According to BIR’s revenue memorandum circular (RMC) no. 102-2017, POGO taxpayers are classified as those duly licensed and authorized by the Philippine Amusement and Gaming Corp. (Pagcor) to provide offshore gaming services, whether these operators may be Philippine-based or offshore-based, with the latter being an enterprise organized in a foreign country, who will engage the services of a Pagcor-accredited service/support provider for its online gaming activity.

POGO taxpayers in the Philippines, as per the BIR, also included other entities, such as POGO-gaming agents, service providers, and gaming support providers.

Dominguez’s message was in response to a report which said that according to the Office of the Solicitor General (OSG), POGOs are not subject to Philippine tax.

Andrea Domingo, Pagcor chairperson, however said the OSG’s opinion prevails unless a clear measure is passed into law.

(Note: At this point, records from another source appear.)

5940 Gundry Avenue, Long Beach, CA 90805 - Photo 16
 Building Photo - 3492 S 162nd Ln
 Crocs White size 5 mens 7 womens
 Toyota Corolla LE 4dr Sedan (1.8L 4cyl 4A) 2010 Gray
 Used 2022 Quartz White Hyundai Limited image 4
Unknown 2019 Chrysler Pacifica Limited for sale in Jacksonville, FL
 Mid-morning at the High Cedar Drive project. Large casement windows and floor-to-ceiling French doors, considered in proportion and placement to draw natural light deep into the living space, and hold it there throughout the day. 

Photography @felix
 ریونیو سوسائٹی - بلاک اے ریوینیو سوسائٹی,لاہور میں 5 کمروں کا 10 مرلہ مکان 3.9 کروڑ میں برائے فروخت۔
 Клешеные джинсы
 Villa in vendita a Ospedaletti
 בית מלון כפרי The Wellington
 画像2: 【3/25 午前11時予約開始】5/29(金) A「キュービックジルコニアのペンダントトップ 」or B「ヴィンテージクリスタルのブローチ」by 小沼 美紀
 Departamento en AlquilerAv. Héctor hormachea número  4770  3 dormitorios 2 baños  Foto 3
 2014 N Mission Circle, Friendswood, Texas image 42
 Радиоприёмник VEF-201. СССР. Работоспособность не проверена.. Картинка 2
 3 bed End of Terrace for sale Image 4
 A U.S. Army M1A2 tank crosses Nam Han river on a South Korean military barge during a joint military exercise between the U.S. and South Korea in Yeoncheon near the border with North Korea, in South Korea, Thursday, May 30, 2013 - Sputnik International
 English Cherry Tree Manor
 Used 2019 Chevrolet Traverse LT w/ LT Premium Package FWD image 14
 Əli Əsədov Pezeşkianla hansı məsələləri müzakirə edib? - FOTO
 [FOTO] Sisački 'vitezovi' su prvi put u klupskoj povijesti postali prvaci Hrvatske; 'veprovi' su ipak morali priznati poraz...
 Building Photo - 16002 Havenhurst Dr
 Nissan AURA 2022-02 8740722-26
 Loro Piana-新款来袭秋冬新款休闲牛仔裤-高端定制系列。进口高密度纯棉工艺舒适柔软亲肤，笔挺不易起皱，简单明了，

“In absence of any clear law covering the taxability of the income of the offshore-based POGO operators, then the opinion of the OSG would be prevailing,” Domingo said in a statement to reporters.

“If congress passes a law clearly providing for the tax accountabilities of POGO operators, then we should abide by it as it is the law,” she added.

Lawmakers however, like Dominguez, said these POGOs should be taxed.

Franklin Drilon, Senate minority leader, in a statement yesterday, disputed the opinion rendered by the OSG, warning that such a “misplaced and misguided” opinion may “open a can of worms” in the country’s tax system.

In the first place, Drilon said, it should be the BIR which will decide on the matter and secondly, POGOs are clearly taxable as they are operating in the country.

“Pursuant to the National Internal Revenue Code, the power to interpret the provisions of this Code and other tax laws shall be under the exclusive and original jurisdiction of the commissioner, subject to review by the secretary of finance,” Drilon said.

“If that is the theory (that POGOs cannot be taxed), how can we permanently close the POGOs which were ordered closed due to non-payment of taxes. Second, the employees of POGOs are subject to taxation, but the operators are exempted from taxes. Isn’t it conflicting?” Drilon said in Filipino.

Under Section 42 of the National Revenue Code, Drilon said the government can derive income from compensation for labor or personal services performed in the Philippines.

“POGOs provide a service and the service is completed in the Philippines since all the betting occurs and is completed in the Philippines,” Drilon said.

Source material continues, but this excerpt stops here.